Jacob Horgan Curling: New Alberta Rink Reveals a Strategic Shift
jacob horgan curling sits at the center of a newly formed Alberta-based men’s rink that pairs Brendan Bottcher with Geoff Walker and brothers Jacob and Tanner Horgan in a line-up mixing championship experience and youth.
What is not being told?
The central question: how will this roster change reshape playdown eligibility, practice logistics and competitive ambitions when key members are relocating and reorienting roles? Brendan Bottcher has announced a return to the skip position while remaining based in Alberta; he has said the core of the team needs to practise on a daily basis to meet residency requirements tied to the playdown process. Jacob Horgan, named to throw third, will be moving to Alberta over the coming months. The Horgan brothers departed their previous Ontario-based team, and the lineup now combines a player with multiple national and international titles at lead with a skip who has recent national triumph as a skip on his résumé.

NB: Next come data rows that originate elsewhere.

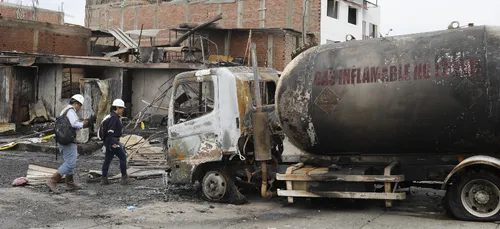 Pérou : forte explosion de gaz à Lima (vidéo)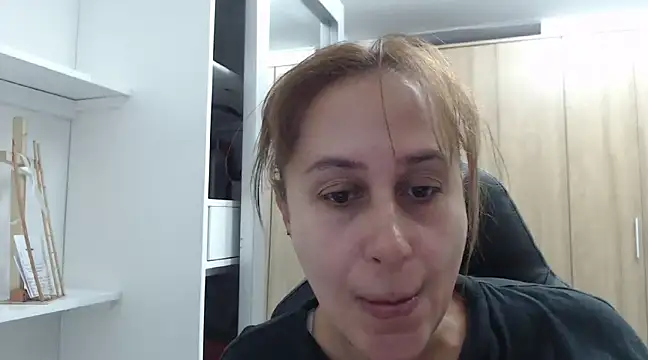 RoxanaLove9 online show from 01/12/25, 01:11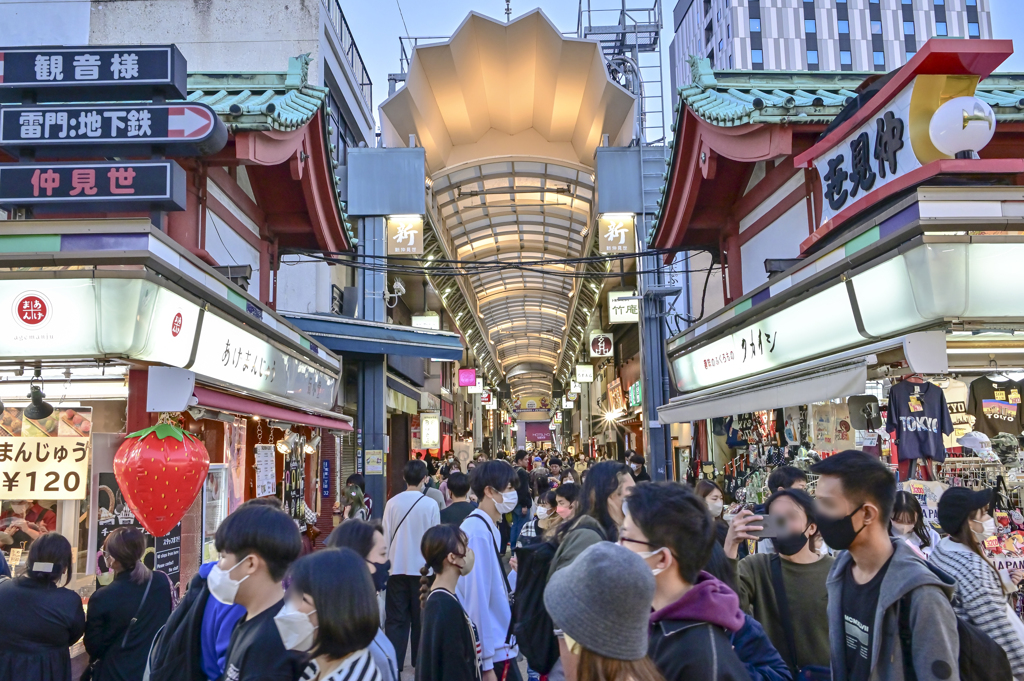 「休日の賑わい」-4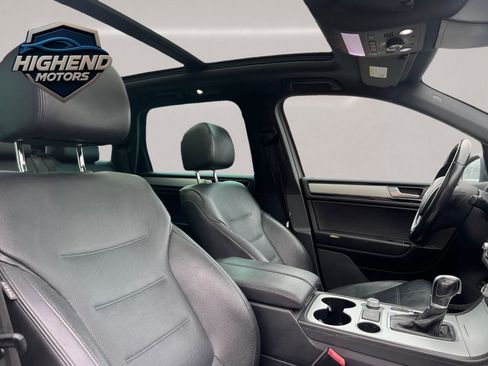 Used 2017 Volkswagen Touareg Wolfsburg Edition image 21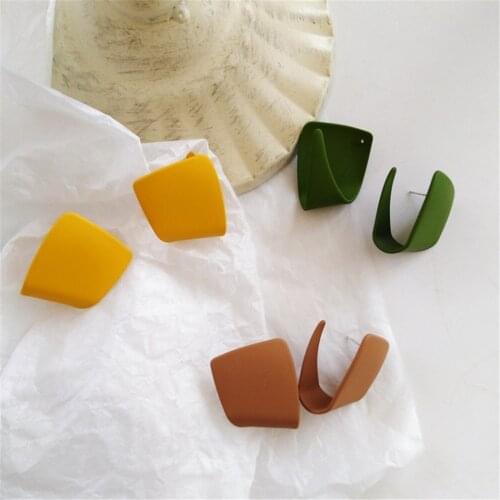 NEW Han Edition Gold Earrings More Than Simple Geometric Color Earrings Irregular Curvature Circle Women Jewelry Accessories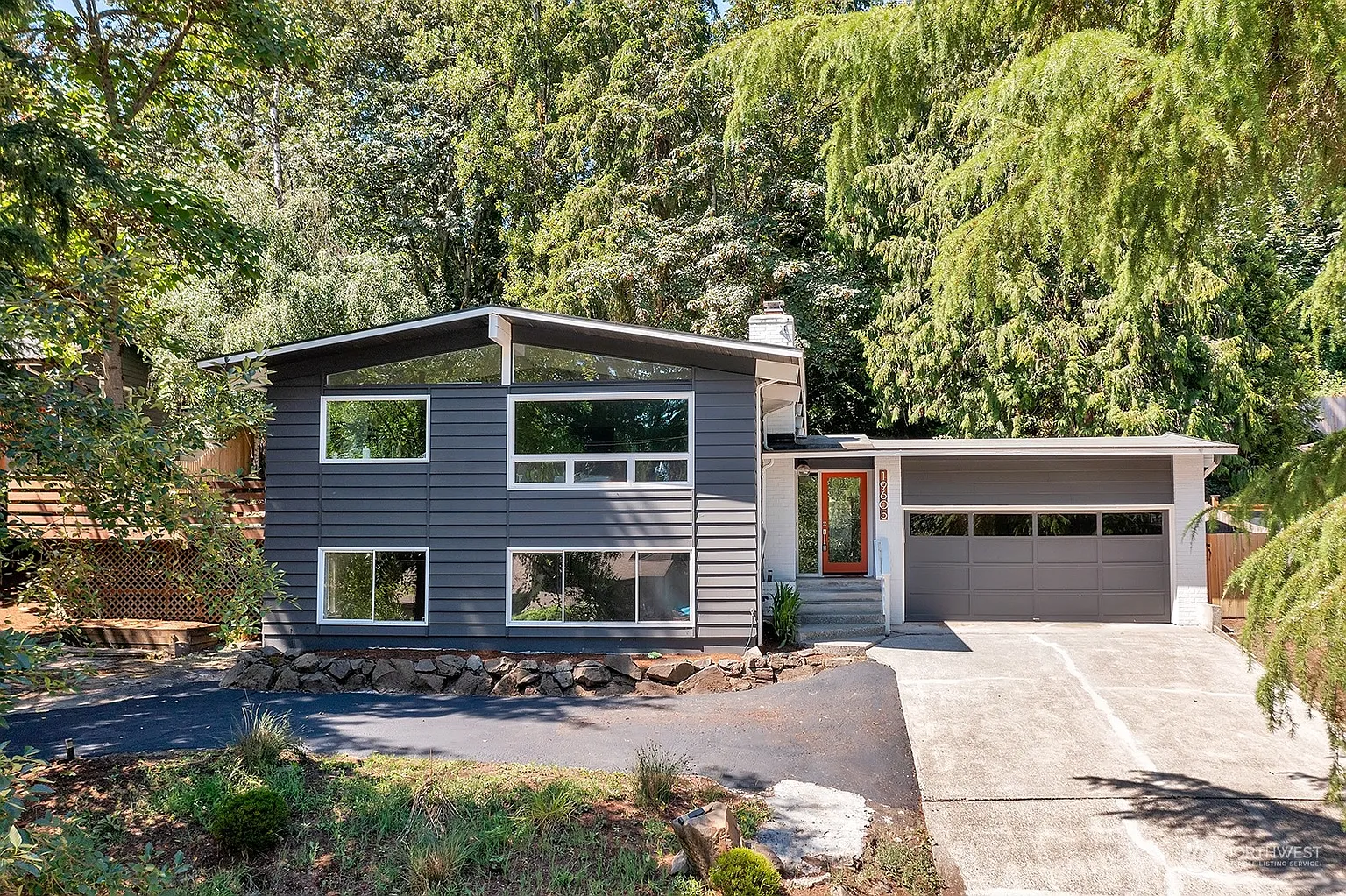 19605 66th Place NE photo 1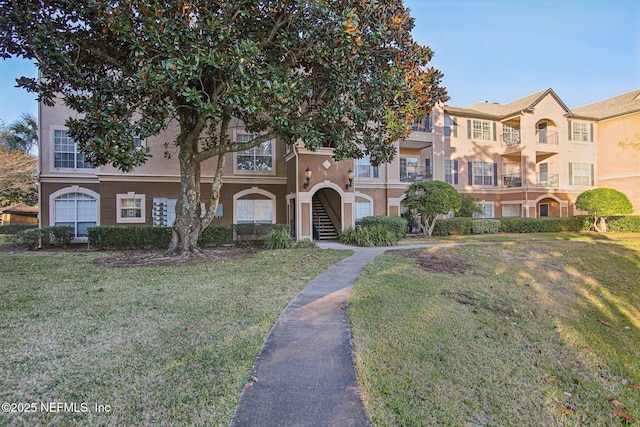 view of front of home featuring a front yard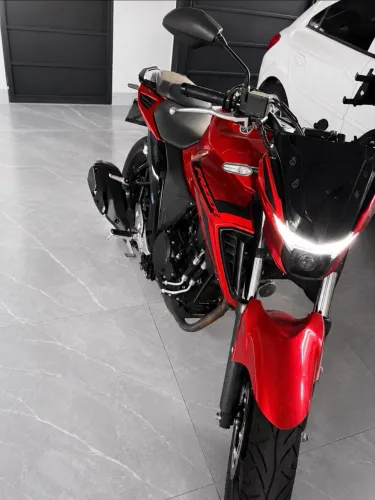 Yamaha Fazer 250c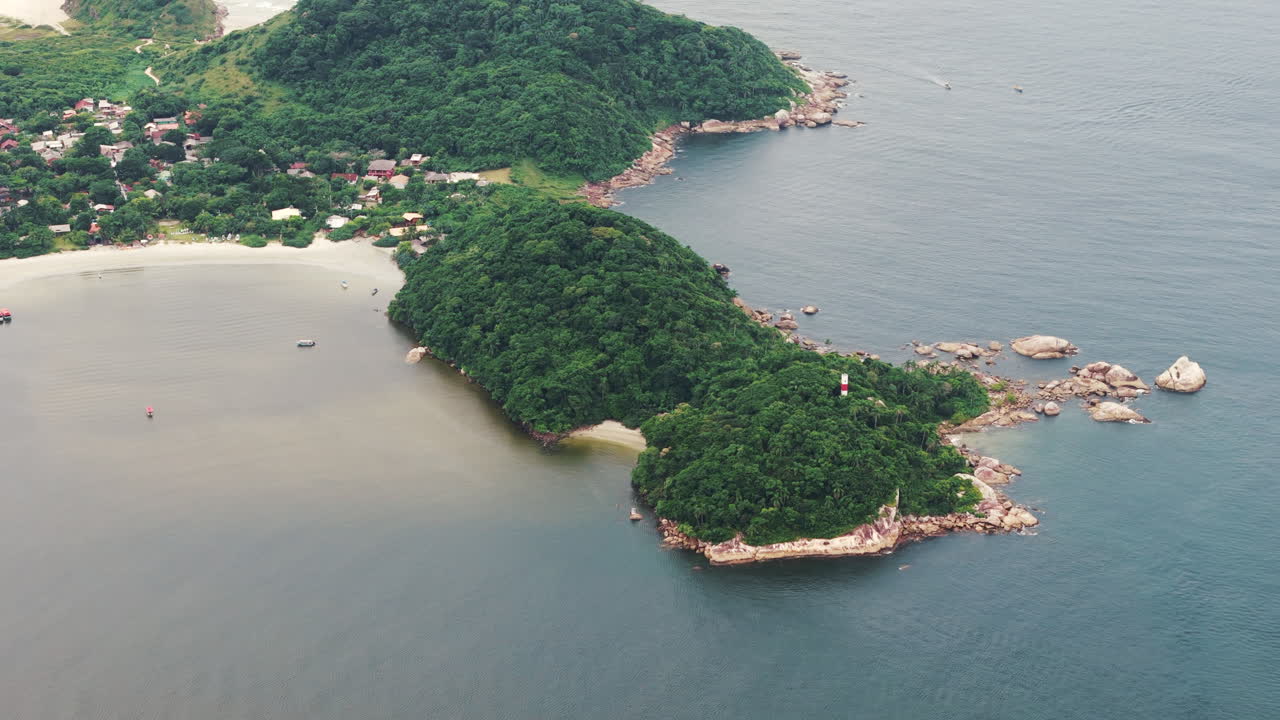 vista aérea del faro das encantadas en el parque estatal de isla do mel, estado de paraná, brasil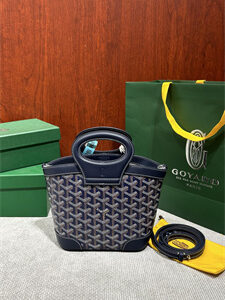 Goyard Beluga Mini Bag Goyardine Canvas & Chevroches Calfskin Navy Blue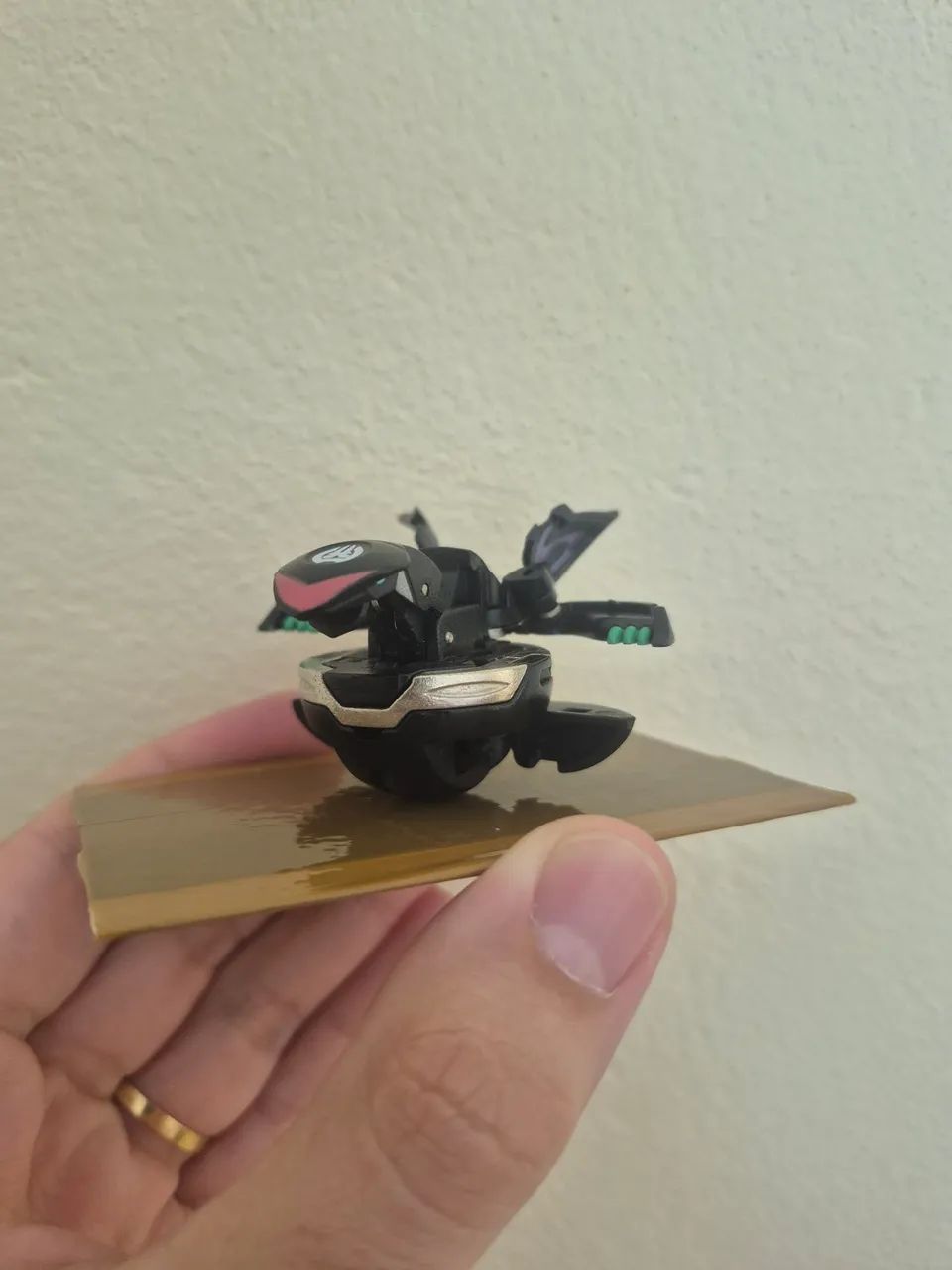 Bakugan Darkus Infinity Dragonoid - Foto 2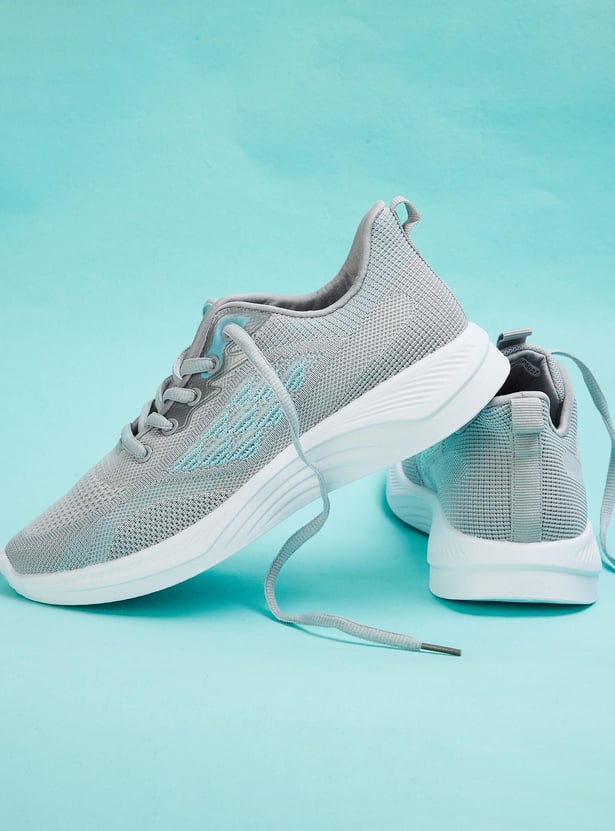 Women Textured Sports Shoes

Evidence: Jacob Horgan Curling and team composition
Verified facts — presented in escalating order of significance:
- Brendan Bottcher will return to the skip position on a new Alberta-based rink that includes Jacob Horgan at third, Tanner Horgan at second and Geoff Walker at lead. The announcement was made from Spruce Grove, Alta., where Bottcher described a renewed desire to be better and to learn.
- Geoff Walker brings a high level of experience: he has won six Canadian titles, one world title and an Olympic bronze medal while throwing after Brad Gushue on his previous team.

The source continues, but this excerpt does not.